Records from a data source
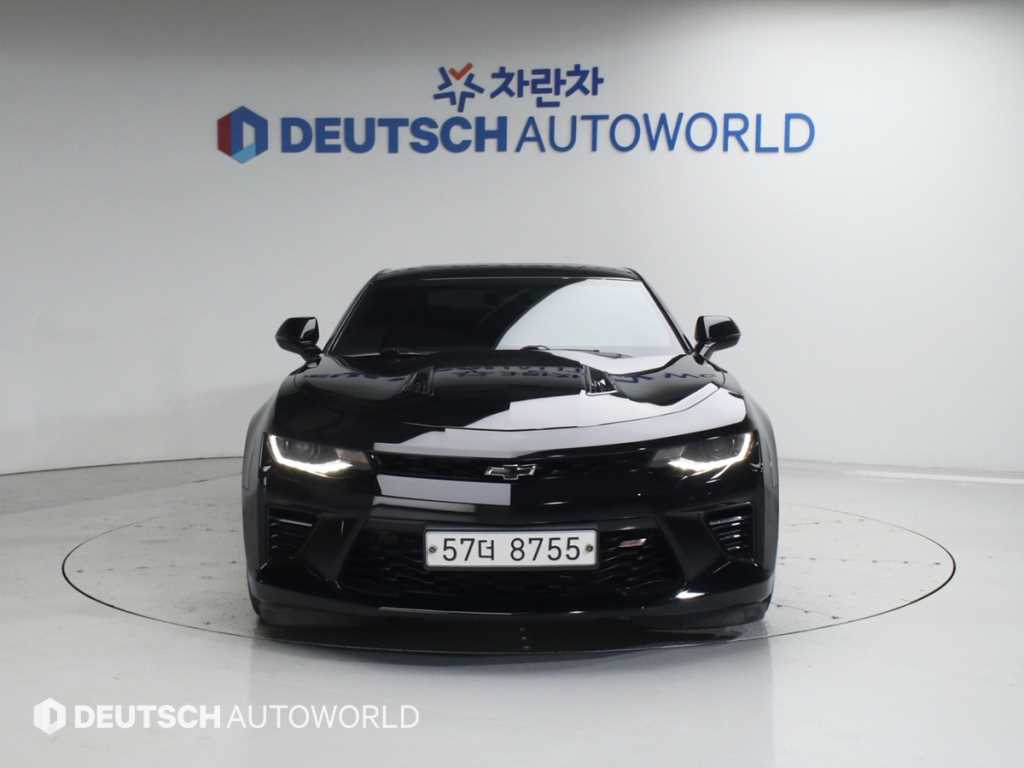 Chevrolet Camaro - Vista 3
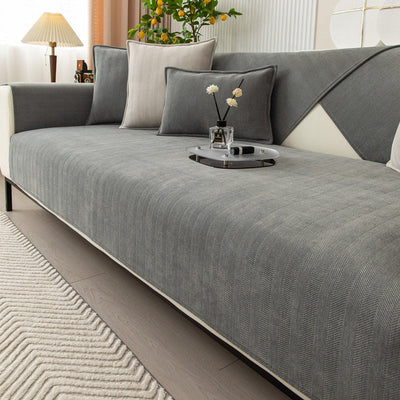 Confortcouvre – Housse De Canapé Extensible, Élégante Et Protectrice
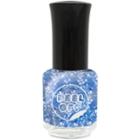 Lucky Trendy - Bw Peel Off Manicure Glitter (blue Savon) 1 Pc
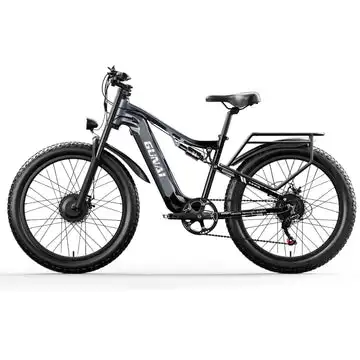 Gunai Gn68 2000W Elektrische Fiets Met Motore Doppiele En 48 V17.5Ah Batteria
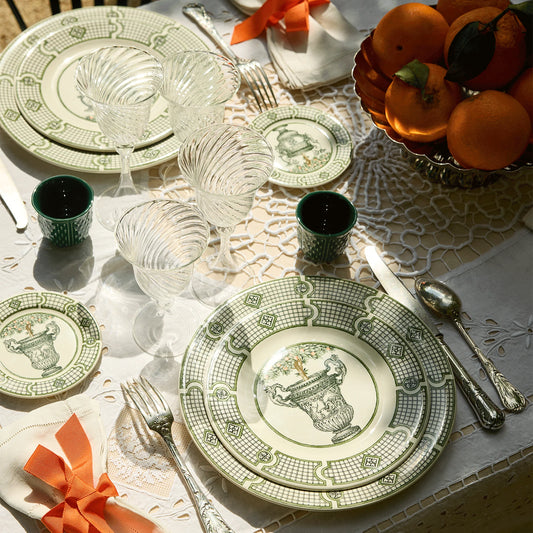 Les Vases à Oranger - Dinner plate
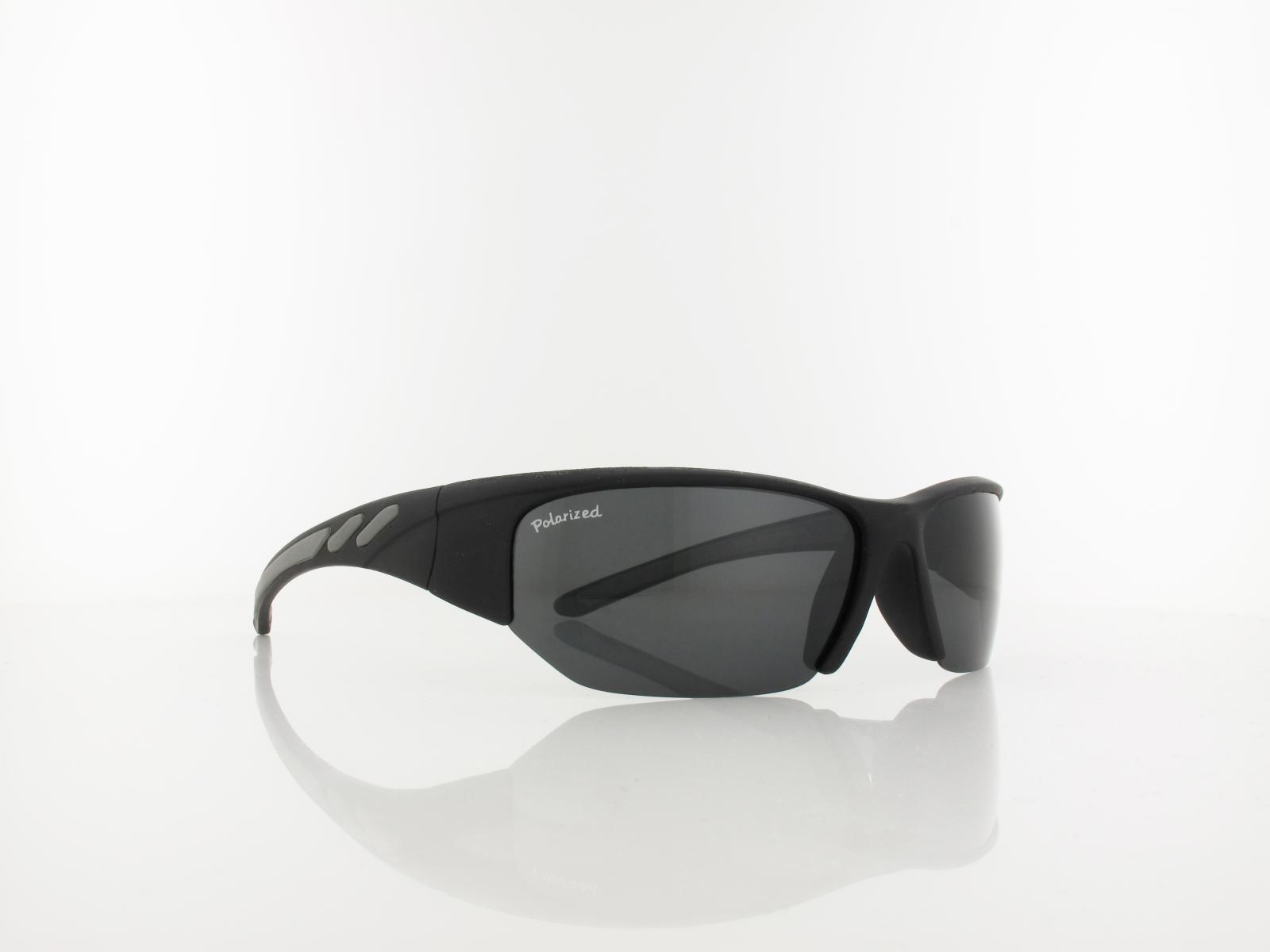 Brilando | SP304 65 | black mat / black polarized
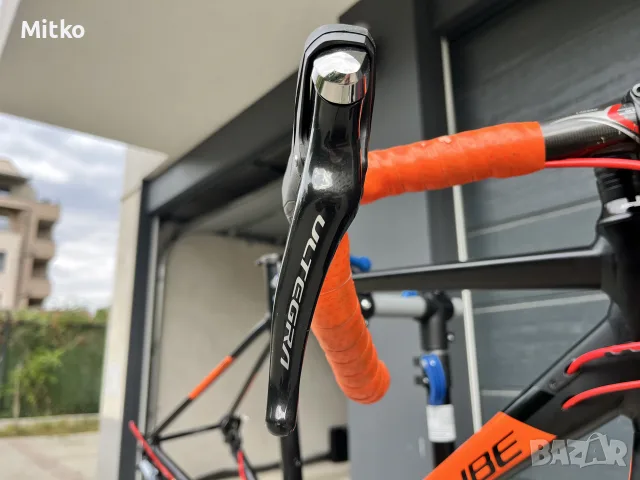 Рамка Cube Attain + монтаж Ultegra R8000, снимка 6 - Велосипеди - 56112364
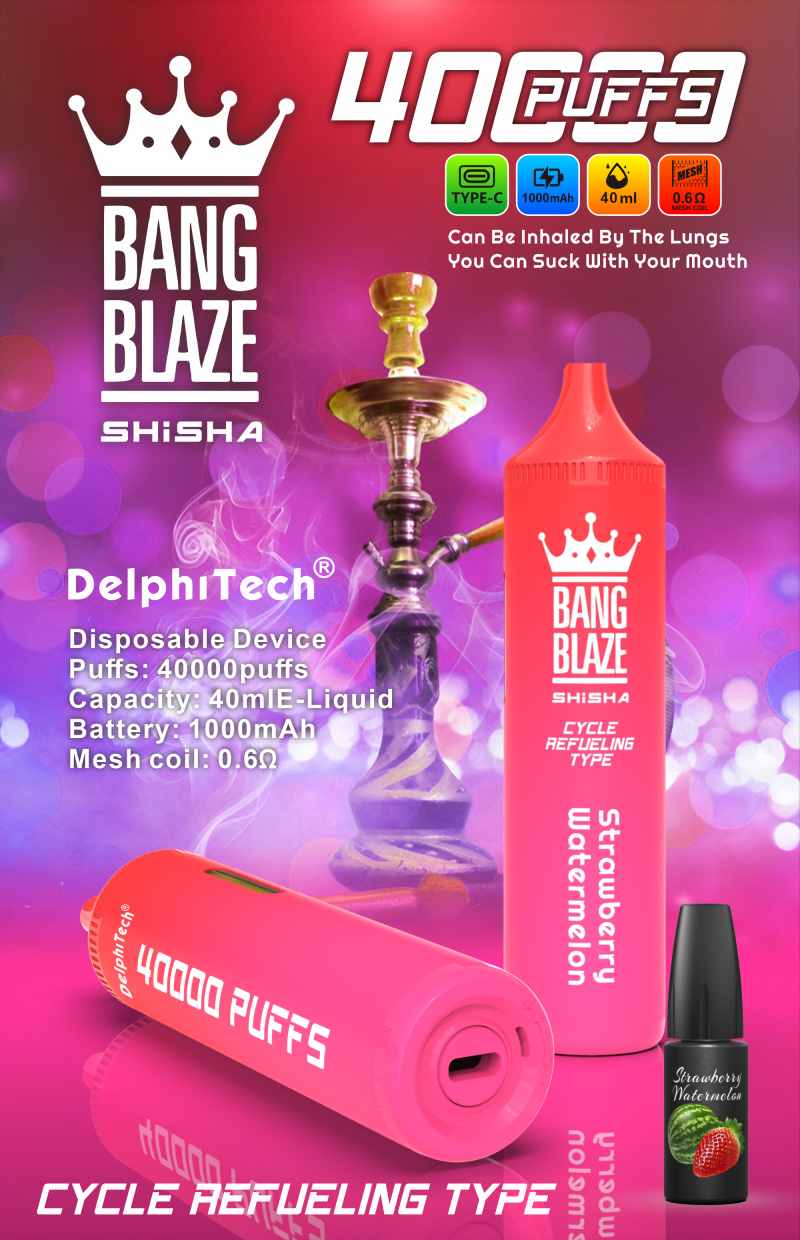 BANG BLAZE SHISHIA 40000 22 BANG BLAZE SHISHIA 40000 22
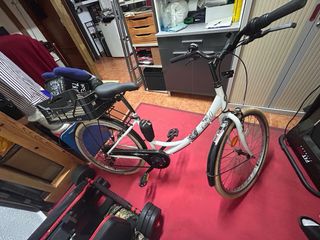 Bicicleta nueva en perfecto estado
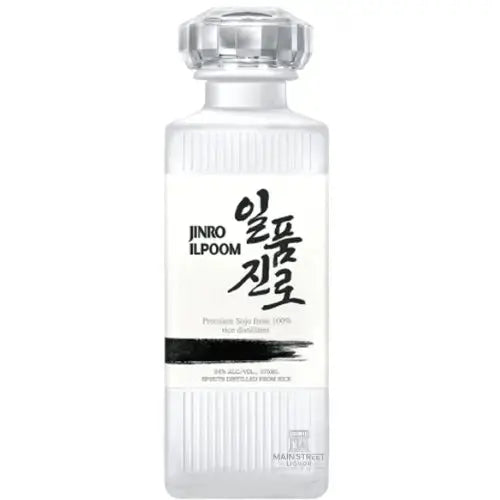 Jinro Ilpoom Premium Soju 375mL - Main Street Liquor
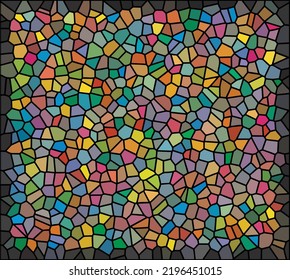 Multi color mosaic you can use for all wallpaper and background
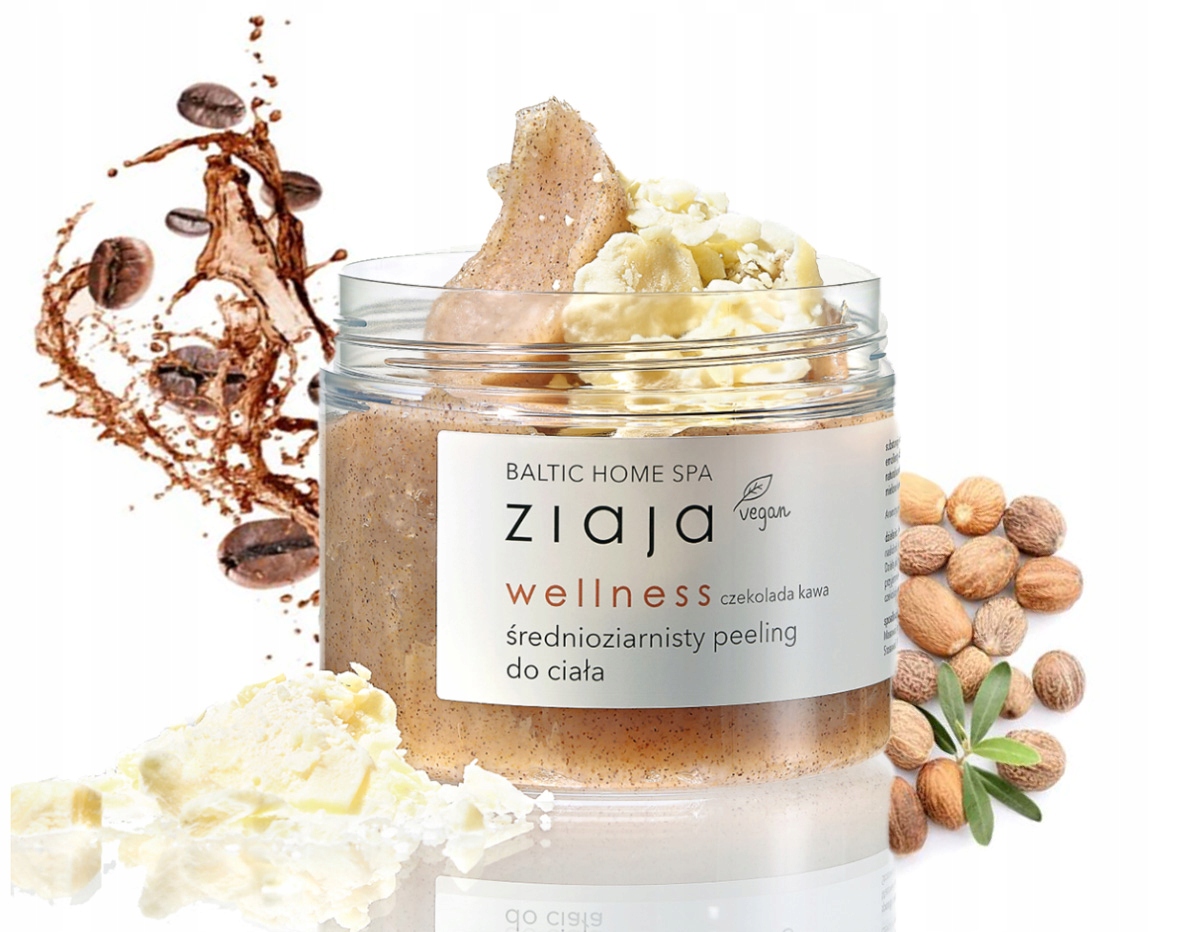 Ziaja peeling średnioziarnisty do ciała spa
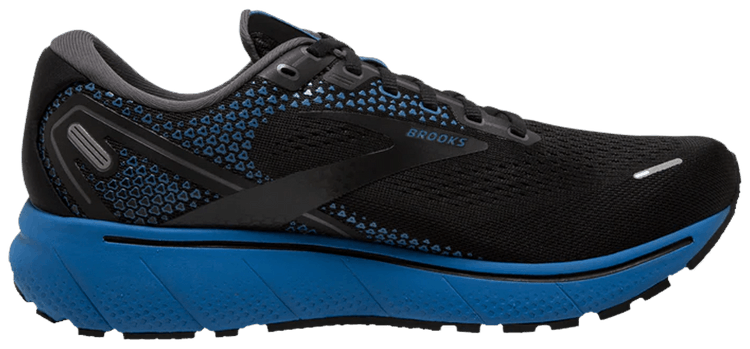 Brooks Ghost 14 Black Blue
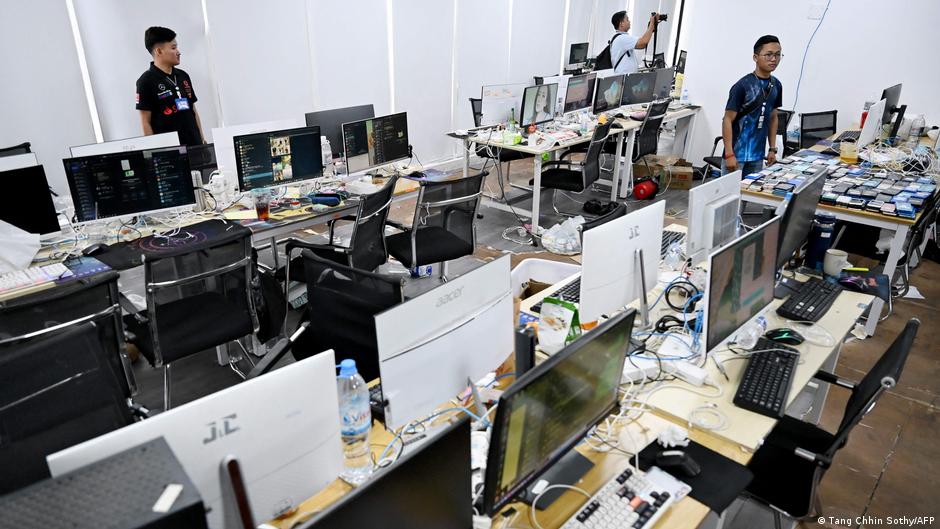 Cambodia: Alleged cyber scam boss extradited to China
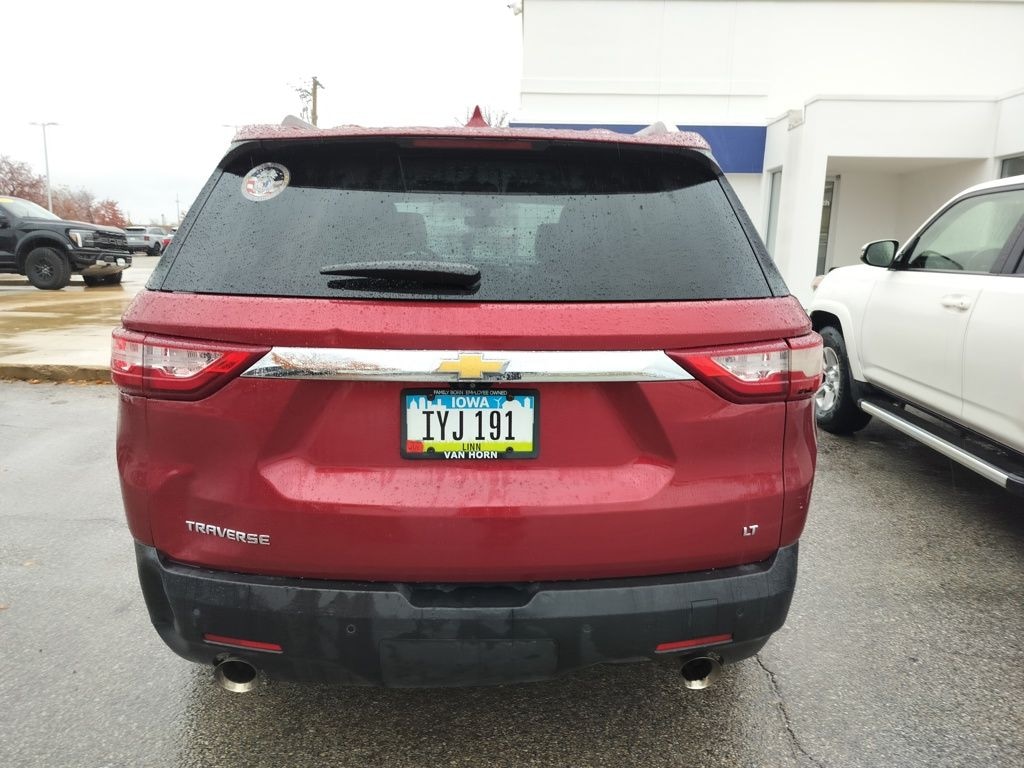 Used 2018 Chevrolet Traverse 3LT SUV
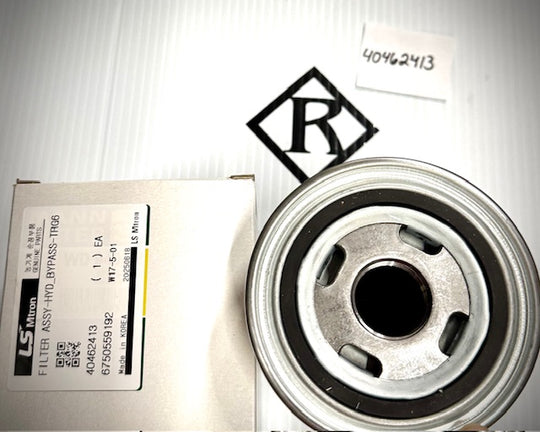 LS Tractor Hydraulic Filter Assembly, 40462413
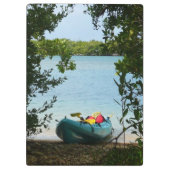 Porte-bloc Kayaking aux îles Virgin (Dos)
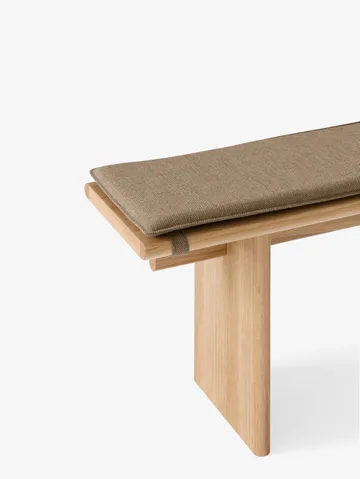 Ita banco OS6 almofada de assento - Fiord 0271, 230 cm - &Tradition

AIM OF THE EXERCISE:
Please repeat each record above precisely, with the pictures left out.

SOLVED EXERCISE:
 Chevrolet Camaro - Vista 3
 Confortcouvre – Housse De Canapé Extensible, Élégante Et Protectrice
 Lucky Trendy - Bw Peel Off Manicure Glitter (blue Savon) 1 Pc
 Gunai Gn68 2000W Elektrische Fiets Met Motore Doppiele En 48 V17.5Ah Batteria
 Les Vases à Oranger - Dinner plate
 Brilando | SP304 65 | black mat / black polarized
 Рамка Cube Attain + монтаж Ultegra R8000, снимка 6 - Велосипеди - 56112364
 BANG BLAZE SHISHIA 40000 22 BANG BLAZE SHISHIA 40000 22
 Bicicleta nueva en perfecto estado
 Jinro Ilpoom Premium Soju 375mL - Main Street Liquor
 Multi color mosaic you can use for all wallpaper and background
 Ziaja peeling średnioziarnisty do ciała spa
 Brooks Ghost 14 Black Blue
 Cambodia: Alleged cyber scam boss extradited to China
 Used 2018 Chevrolet Traverse 3LT SUV
 LS Tractor Hydraulic Filter Assembly, 40462413
 Porte-bloc Kayaking aux îles Virgin (Dos)
 Ita banco OS6 almofada de assento - Fiord 0271, 230 cm - &Tradition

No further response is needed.